I write about a lot of products whose core job boils down to Make queries run fast. Without exception, their vendors tout stories of remarkable performance gains over conventional/incumbent DBMS (reported improvement is usually at least 50-fold, and commonly 100-500+). They further claim at least 2-3X better performance than their close competitors. In making these claims, vendors usually stress that their results come from live customer benchmarks. In few if any of the cases, I judge, are they lying outright. So what’s going on?
Multiple things, I think.
- Existing data warehouses are often badly optimized. The same technology, configured differently, often would do a much better job.
- General-purpose DBMS often require much more tuning for decent complex-query performance than specialized products do. It might have been possible to get that query-from-hell to run fast on the old system, but it wasn’t easy.
- Besides, often nobody tried very hard. The value of the query didn’t seem to justify the tuning effort.
- Specialized products often really are better for the workloads they’re specialized for.
- Different specialized products are best suited for different kinds of analytic workloads.

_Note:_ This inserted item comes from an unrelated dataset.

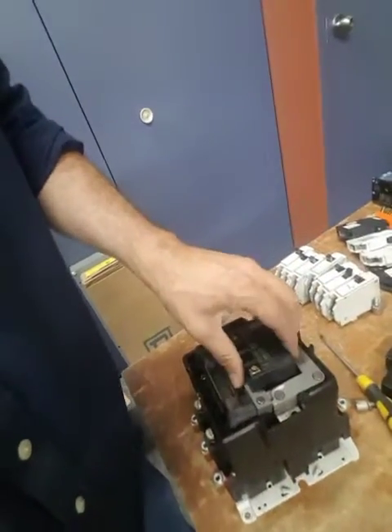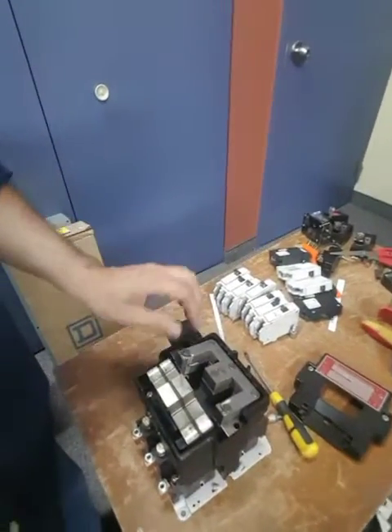There you are. Now you can see I need to break everything apart.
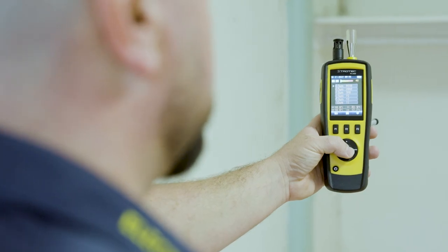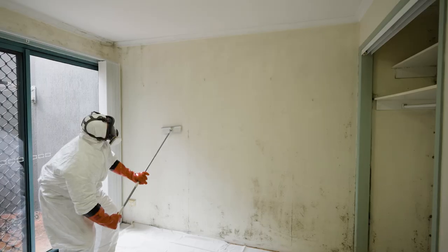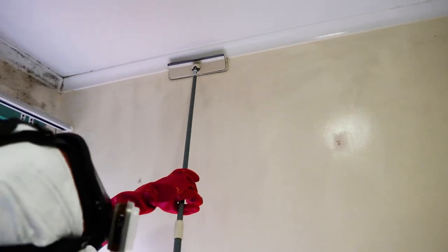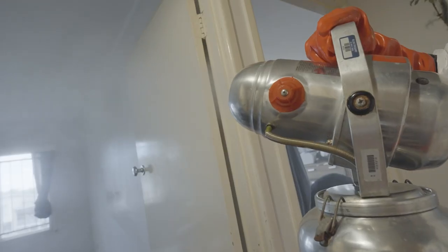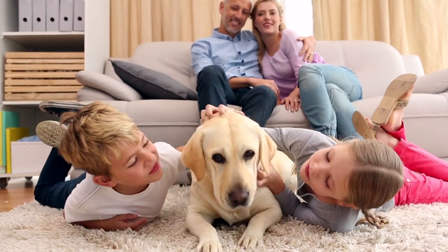ElectroDry's five-step process traces mould back to the source, then treats, removes and restores. Fast, safe and so effective that repainting or building work usually isn't required. Plus, breathe easy with our 12-month warranty.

- Different companies send different qualities of benchmark experts to different sales cycles at different times. Smaller vendors with few active sales cycles sometimes actually send their CTOs.
- And by the way, vendors do their best to “cook the books.” If one query runs 600X better faster than on the competition, and 19 queries run 2-5X faster, the claim of total speedup is apt to be in the 100X+ range, if that’s defensible by at least one definition of “average.”